Dopo la morte del marito Dan durante un’arrampicata sulle Montagne Rocciose, Becky (Grace Caroline Currey) e l’amica Hunter (Virginia Gardner) decidono di scalare una torre di trasmissione alta più di 700 metri per spargere le sue ceneri dalla vetta. Ma una volta giunte in cima, si ritrovano bloccate senza alcuna possibilità di discesa. Attorno a loro c’è solo il deserto e non c’è modo di chiamare i soccorsi: a quel punto l’unica scelta è lottare per la sopravvivenza, anche se tutto è contro di loro.

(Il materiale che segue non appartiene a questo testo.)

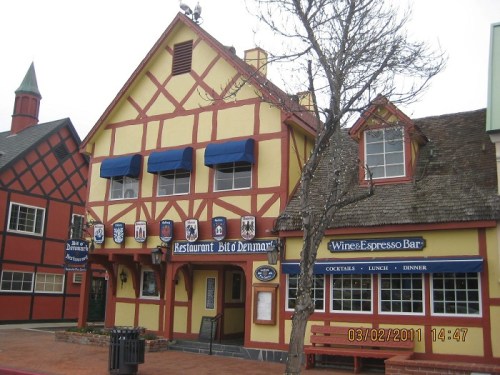A colorful, Tudor-style building housing a restaurant and wine bar, with blue awnings and decorative signage.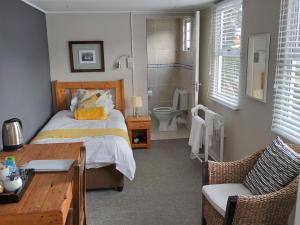 Katil atau katil-katil dalam bilik di Hermanus 13 on 2nd Guest Rooms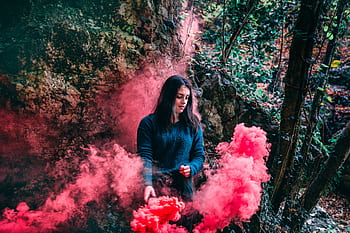 A woman stands in a forest with vibrant red smoke surrounding her, creating a mystical atmosphere. HD wallpaper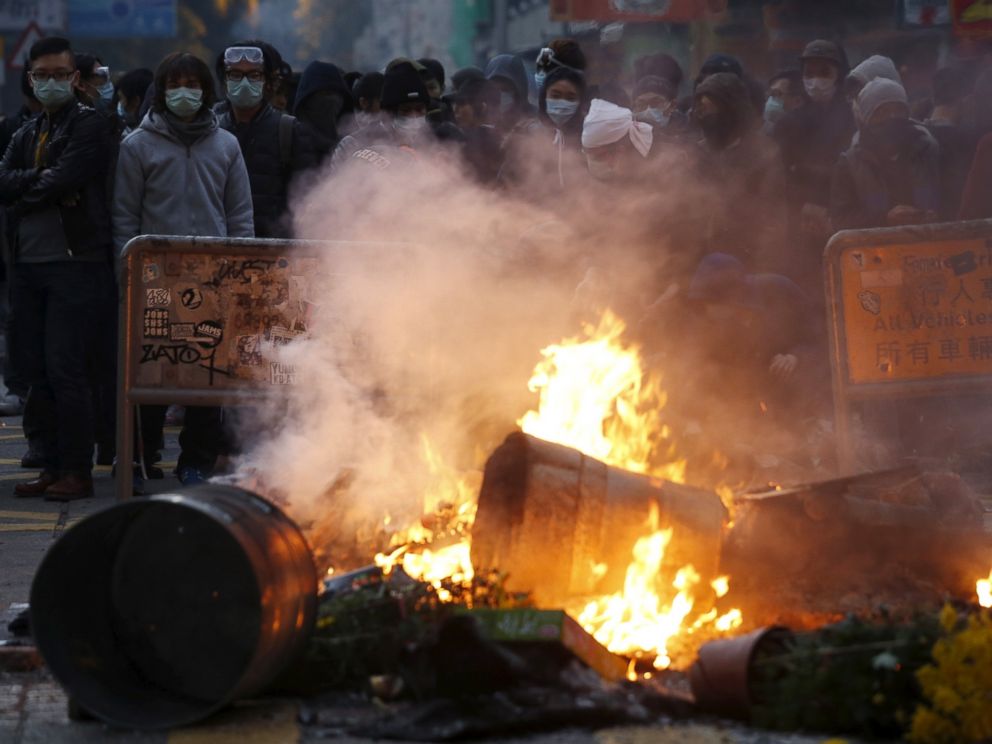 PHOTO: Protesters look on behind a fire set by them at a junction at Mongkok district in Hong Kong, Feb. 9, 2016.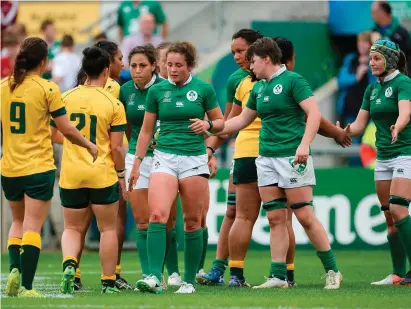  ?? SPORTSFILE ?? Dejected Ireland players shake hands with their Australian counterpar­ts after yesterday’s game in Belfast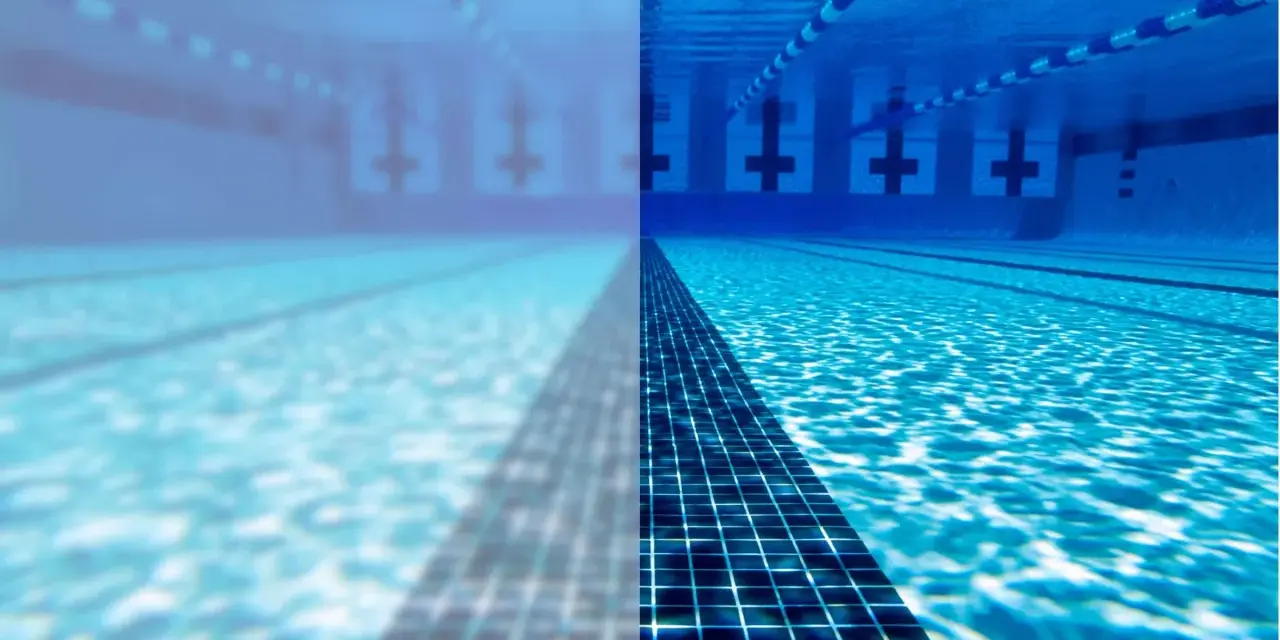 Underwater view of a swimming pool, half clear and half cloudy, with lane lines and lane markers.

Fall cerca di aggiornare, nell’epoca delle sale da riempire e del pubblico da stordire con esperienze immersive da grande schermo, un topos (e una storia) che guardano agli archetipi della scrittura della suspense, tra luoghi comuni e immagini ricorrenti pronte a disturbare la percezione degli spettatori. Dal punto di vista della regia, Mann ha dichiarato fin da subito la sua attrazione per il genere thriller, la naturale inclinazione che lo spinge tra le braccia dell’action e del survival fino a compiere la scelta di richiedere alle sue protagoniste di eseguire da sole alcuni degli stunt del film.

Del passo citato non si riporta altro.